A gas cloud 5,500 times as massive as the sun lurks nearby

Dubbed Eos, this giant cloud of molecular hydrogen has been hiding in plain sight

A cloud in space with wisps of green, blue, purple and reddish gas swirling around a dark, jagged core, set against a star-filled background with a glowing yellow star at the lower right.

A giant interstellar cloud dubbed Eos (illustrated, green) lurks just 300 light-years from our solar system. Its chemical composition kept it hiding in plain sight until now.

Matt Twombly/Simons Foundation

Astronomers have found a giant interstellar cloud surprisingly close to Earth.

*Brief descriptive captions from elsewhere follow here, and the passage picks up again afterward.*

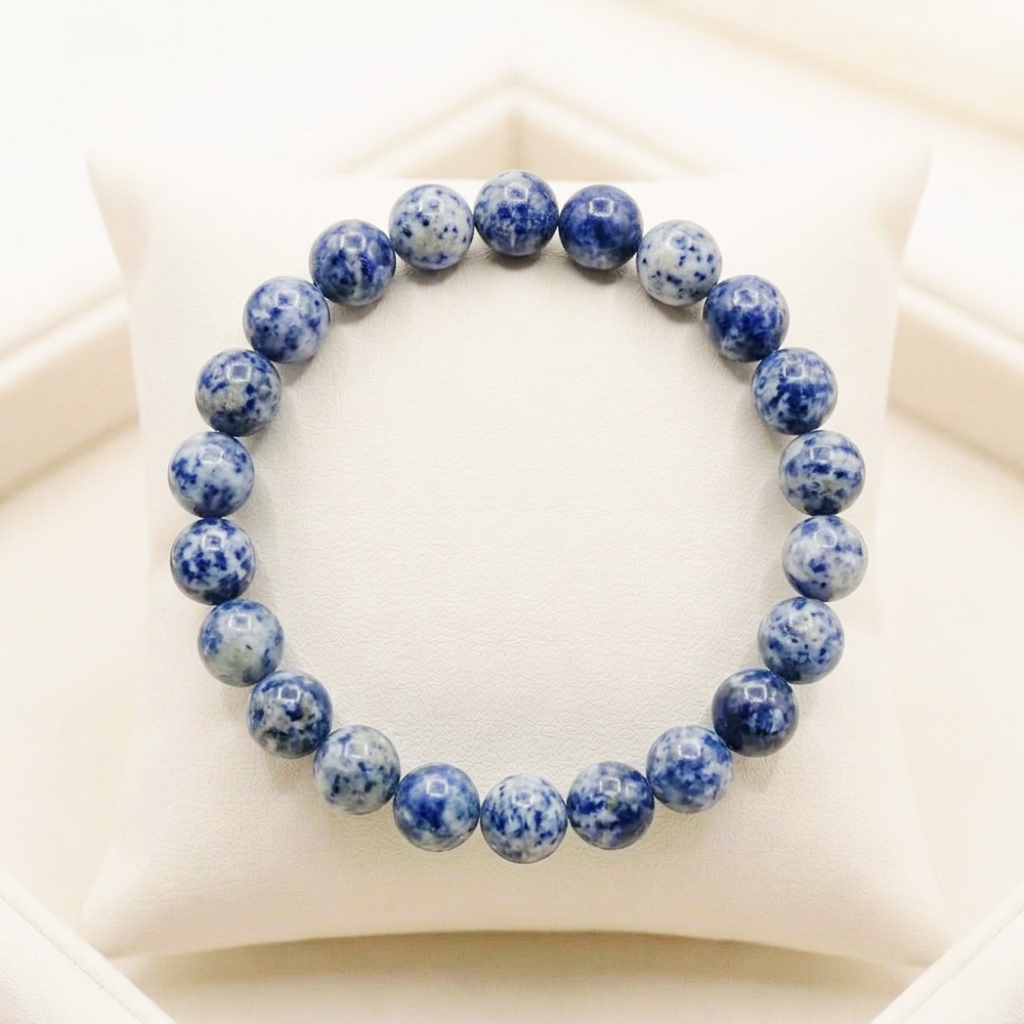 Natural Sodalite crystal bracelet featuring polished indigo-blue beads with white calcite veining from lakshya gems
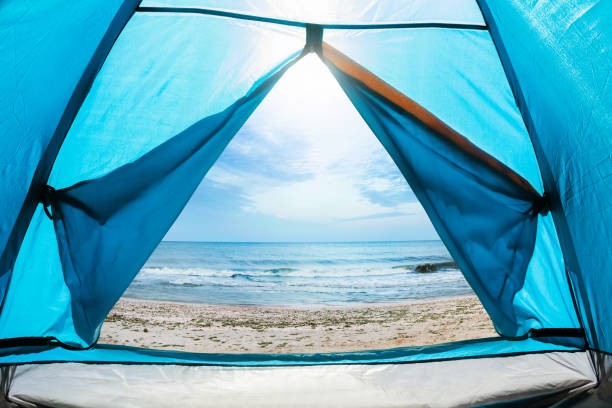istock Sunny day sea shore camping tent. 1280069808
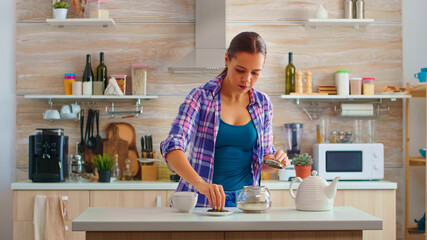Fototapeta premium Young woman preparing green tea for breakfast in a modern kitchen using teapot sitting near the table. Putting with hands, pressing herbal, healthy, tea leaves, in pot, in the morning.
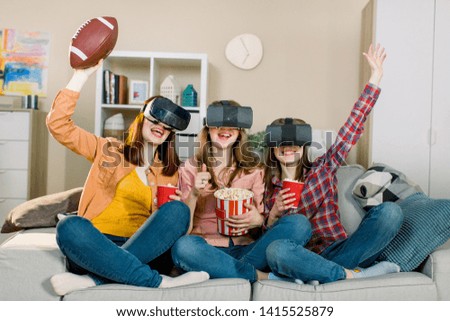 Three women in modern virtual reality headsets having expirience in watching football match at home. Girls in vr glasses sitting on the sofa and eating popcorn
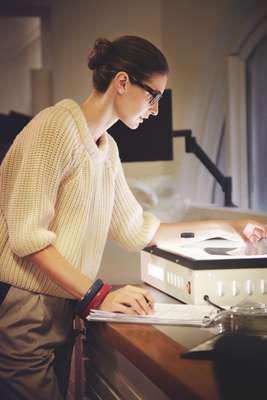 Glasses by Claire Goldsmith, jumper and bracelets by Hermès, trousers by 1205, pen by Cartier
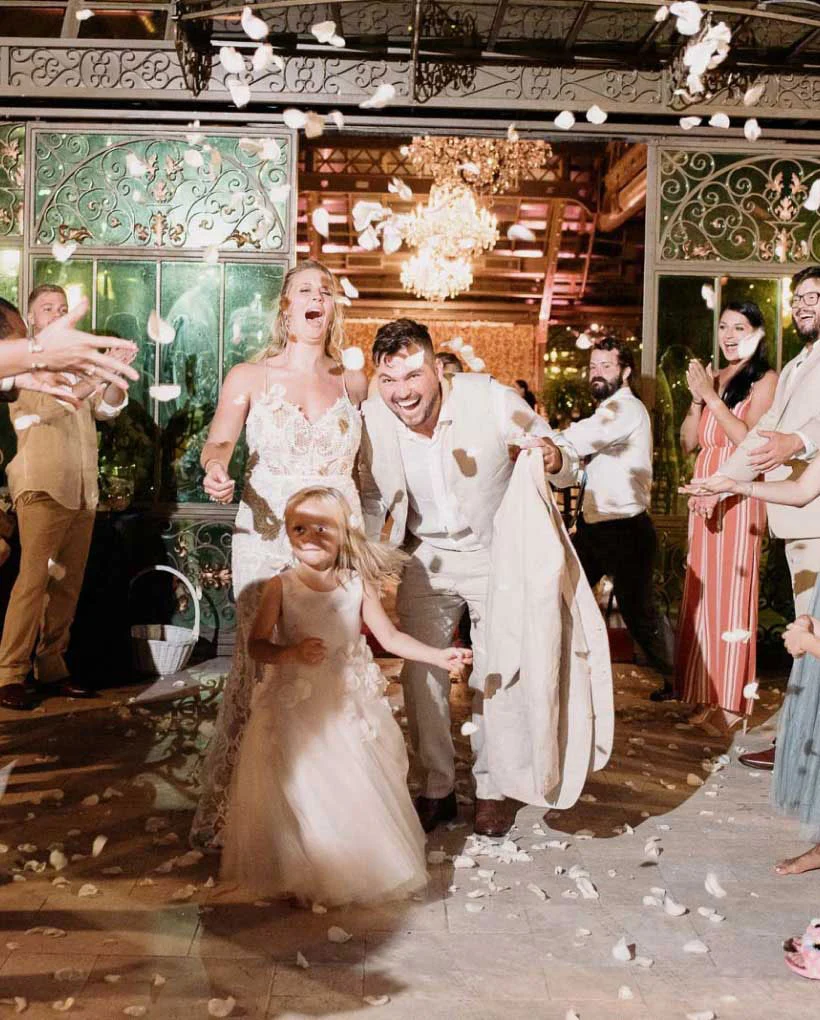 Joyful wedding exit with flower petals and happy couple.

Lurking about 300 light-years from our solar system, this immense cloud of gas and dust is the closest of its kind ever found to Earth, beating the previous record holder by roughly 90 light-years. Despite being some 5,500 times as massive as the sun, the cloud went unnoticed — until now.

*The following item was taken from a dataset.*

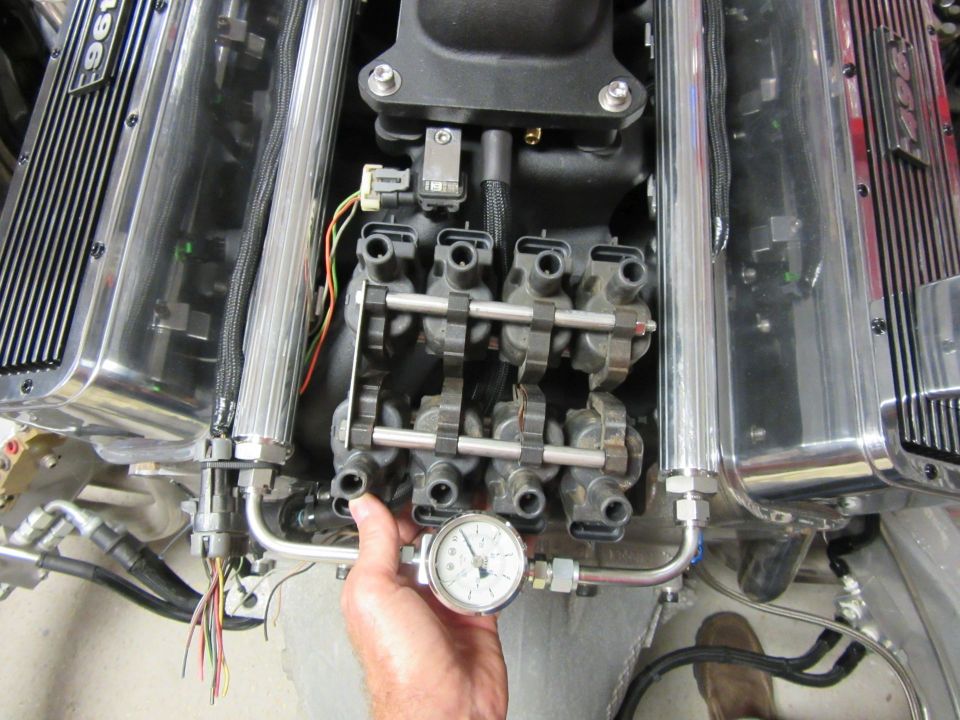 Close-up of a V8 engine fuel rail and pressure gauge. Polished valve covers have "196" visible.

That’s because the cloud does not contain much carbon monoxide, the molecule astronomers often use to probe these clouds, called molecular clouds. Astronomers found this cloud by scanning the sky for ultraviolet light coming from a molecular cloud’s main constituent, hydrogen molecules. The results, published April 28 in Nature Astronomy, reveal a crescent-shaped cloud that, if visible, would appear to viewers on Earth as the largest single structure in the night sky — roughly 40 full moons wide.

“[It’s] an important finding because we want to find where the next generation of young stars will be forming near the sun,” says astronomer Blakesley Burkhart of Rutgers University in New Brunswick, N.J.

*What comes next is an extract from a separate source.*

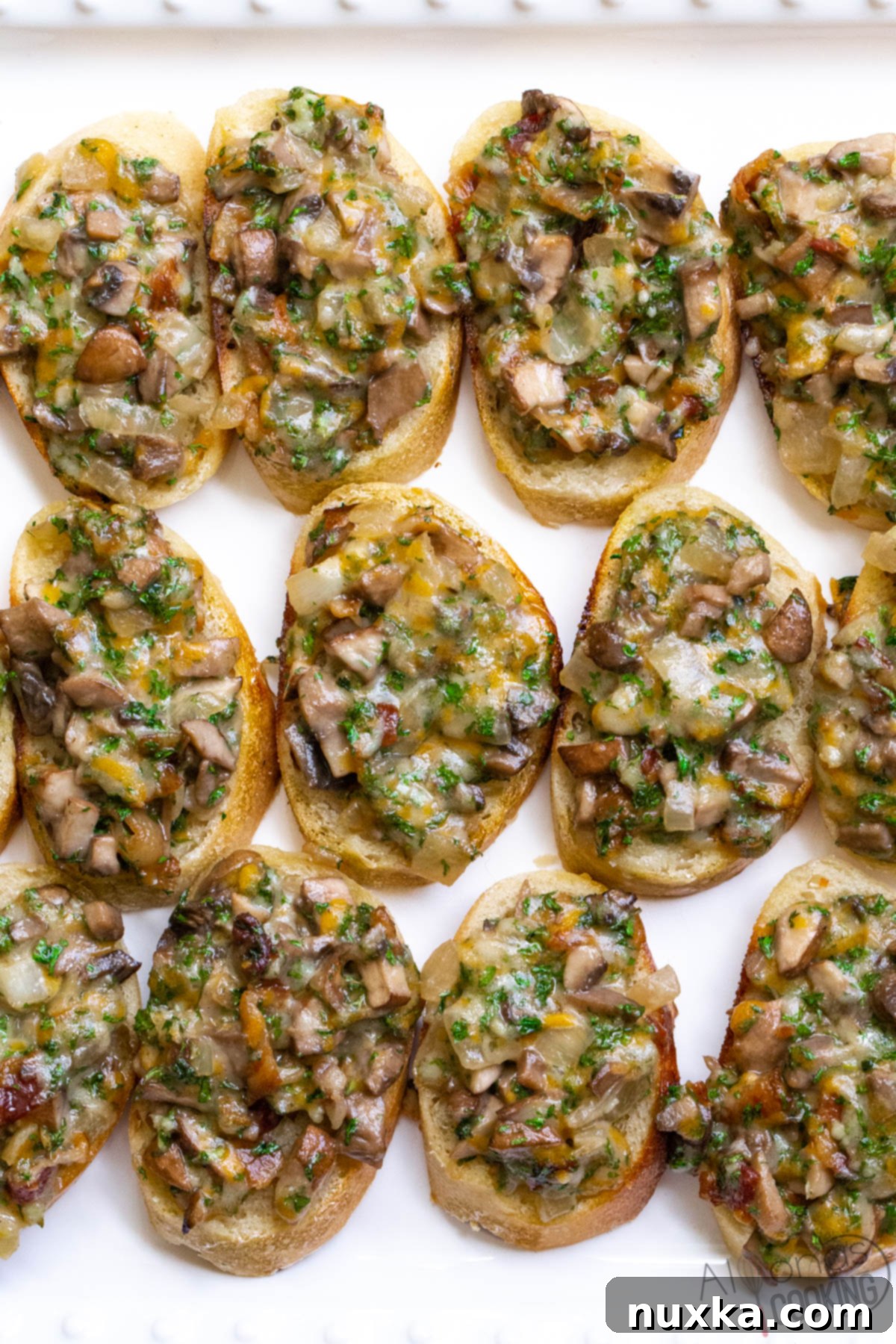 Platter of golden brown hot mushroom canapés with melted cheese, ready to serve at a party.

The cloud, dubbed Eos after the Greek goddess of dawn, is a cool, dense blob of dust and gas — a type known to often host stellar nurseries. However, additional analysis by the team, reported in a paper submitted April 24 to arXiv.org, suggests that Eos hasn’t had significant stellar births in recent millennia.

This animation zooms in on the location of Eos, the closest molecular cloud to Earth, in our stellar neighborhood.

While molecular hydrogen makes up most of a molecular cloud’s mass, it does not emit light when it is cold, making it nearly impossible to see in clouds. However, when it’s energized by starlight along the boundaries of the cloud, the hydrogen emits light at far-ultraviolet wavelengths. Using newly released data from the South Korean satellite STSAT-1, which operated in the early 2000s, Burkhart and her team found the large structure hiding in plain sight. Those data let the astronomers estimate the size and distance to the cloud.

Eos offers a rare opportunity to study molecular cloud formation and dissipation up close. It also helps reveal how much interstellar material is available near our sun for forming stars and planets.

“Every star, including our sun, was born in a molecular cloud,” says Gregory Green, an astronomer at the Max Plank Institute for Astronomy in Heidelberg, Germany, who was not involved in the research. However, he notes, the researchers “actually find that Eos is probably not dense enough to collapse gravitationally under its own weight, suggesting that it will not form stars.”

While the cloud has just been found, it won’t stick around forever. Burkhart and colleagues estimate that Eos will slowly disappear over the next 6 million years. If the cloud were visible to us, it could be seen toward the Corona Borealis constellation in the Northern Hemisphere, spanning roughly the size of two outstretched hands in the shaka, or “hang loose,” sign.